Editor’s note: May is AAPI month, formally known as Asian American, Native Hawaiian, and Pacific Islander Heritage Month. Throughout this month, we are featuring Q&As with some of today’s leading thinkers and activists. We call this series of interviews “Asian Americans You Should Know.” This series was put together by pastor and author Joyce Koo Dalrymple. You can read the first Q&A with Dr. May Young here. Today, we get to know Dr, Gabriel J. Catanus, director of the Filipino American Ministry Initiative (FAMI) at Fuller Theological Seminary. See his fuller bio below.

 

Joyce Koo Dalrymple: Was there anything in your experience as an Asian American—or particularly as a Filipino American—that drew you to your area of research in liberation theology?
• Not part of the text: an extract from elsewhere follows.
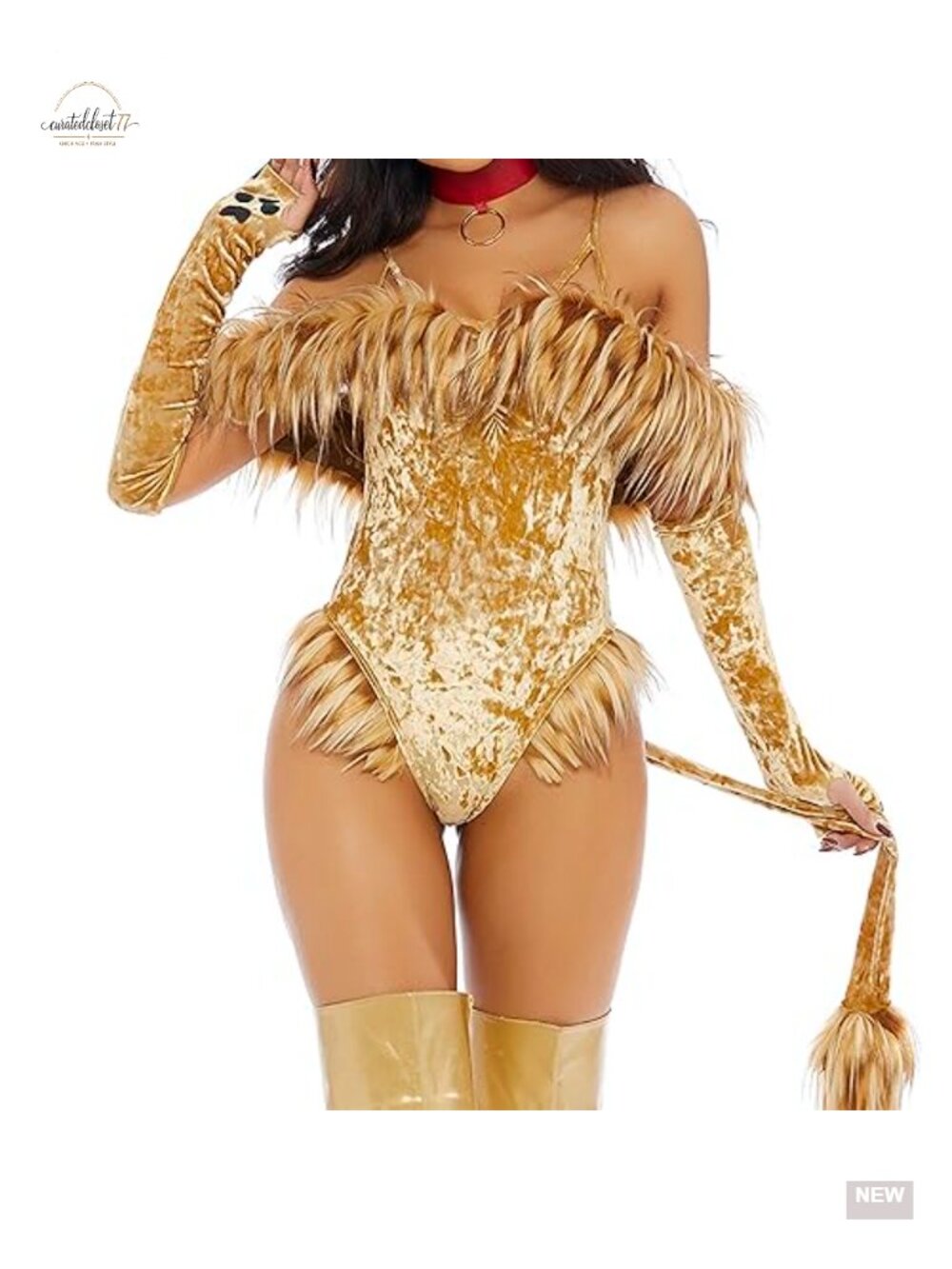Sexy Lion Movie Character Costume Bodysuit Gloves Choker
Dr. Catanus: During seminary (about 20 years ago), I often felt the dissonance between the required readings and professors’ perspectives, and the ways people in my family’s Filipino American and Filipino Canadian churches connected with God and practiced their faith. I had some wonderful Asian American mentors and friends, but by the time I reached my ThM studies, it became clear that if I wanted to see Filipino Americans represented within theological discourse, I would have to start writing myself.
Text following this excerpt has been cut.